Inammissibilità del ricorso: quando la Cassazione non entra nel merito
Con una recente ordinanza, la Corte di Cassazione ha affrontato un caso di truffa, cogliendo l’occasione per ribadire i confini invalicabili del proprio giudizio. La decisione si concentra sull’inammissibilità del ricorso, un concetto chiave che definisce quando e perché la Suprema Corte può o non può riesaminare una causa. Questo provvedimento offre spunti fondamentali per comprendere la differenza tra il giudizio di merito, che valuta i fatti, e quello di legittimità, che si occupa della corretta applicazione della legge.

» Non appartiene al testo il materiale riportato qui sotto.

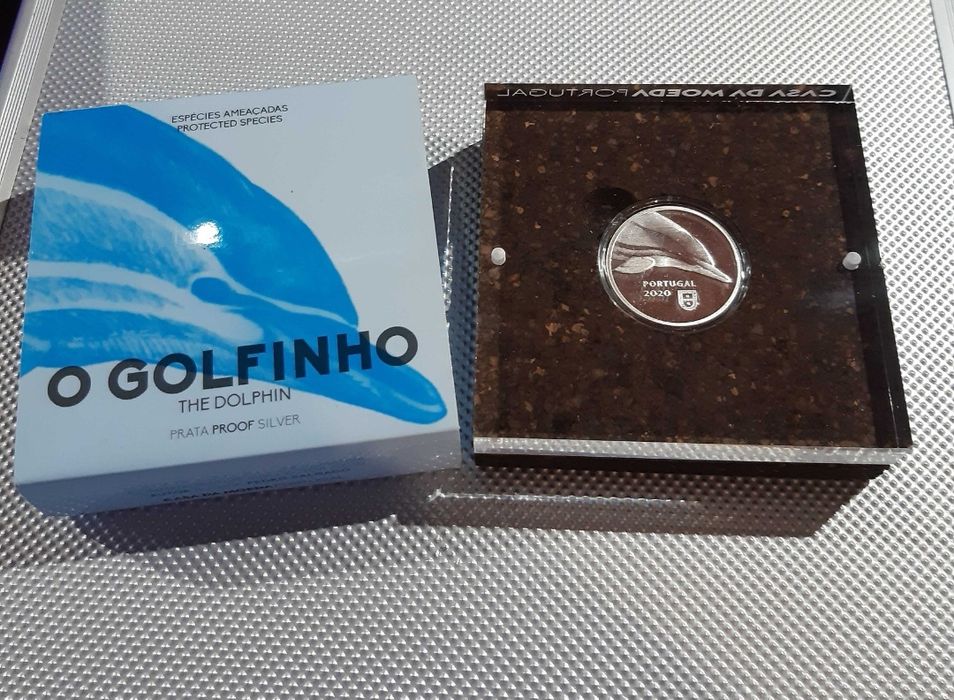 Portugal 2020 - Moeda prata proof - golfinho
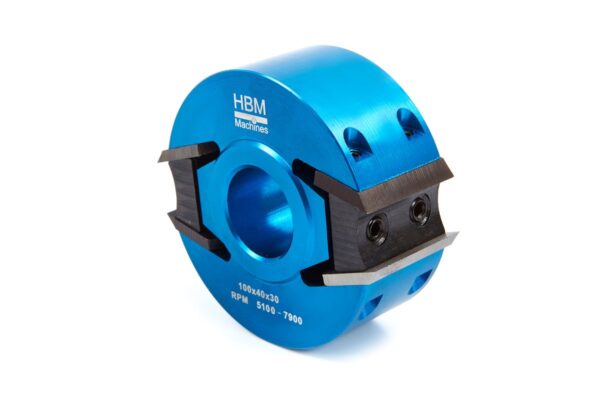 HBM 100 mm Profi Houtfreeskop met 7 sets Messen - Image 5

Il caso: un ricorso contro una condanna per truffa
I fatti riguardano un soggetto condannato in secondo grado dalla Corte d’Appello di Trieste per il reato di truffa. Non accettando la sentenza, l’imputato ha presentato ricorso in Cassazione, basandolo su due motivi principali: una presunta errata qualificazione giuridica dei fatti e una contestazione sulla determinazione della pena inflitta.
L’appellante, in sostanza, chiedeva alla Suprema Corte di riconsiderare le prove e la ricostruzione degli eventi, proponendo una lettura alternativa che lo scagionasse o che, quantomeno, portasse a una qualificazione giuridica meno grave del reato. Inoltre, criticava il modo in cui i giudici d’appello avevano quantificato la sanzione penale.
L’inammissibilità del ricorso per motivi di fatto
Il primo motivo di ricorso è stato respinto in modo netto. La Corte ha sottolineato un principio cardine del nostro sistema processuale: la Cassazione non è un “terzo grado di giudizio” nel quale si possano rivalutare le prove e i fatti. Questo compito spetta esclusivamente al giudice di merito, ovvero al Tribunale e alla Corte d’Appello.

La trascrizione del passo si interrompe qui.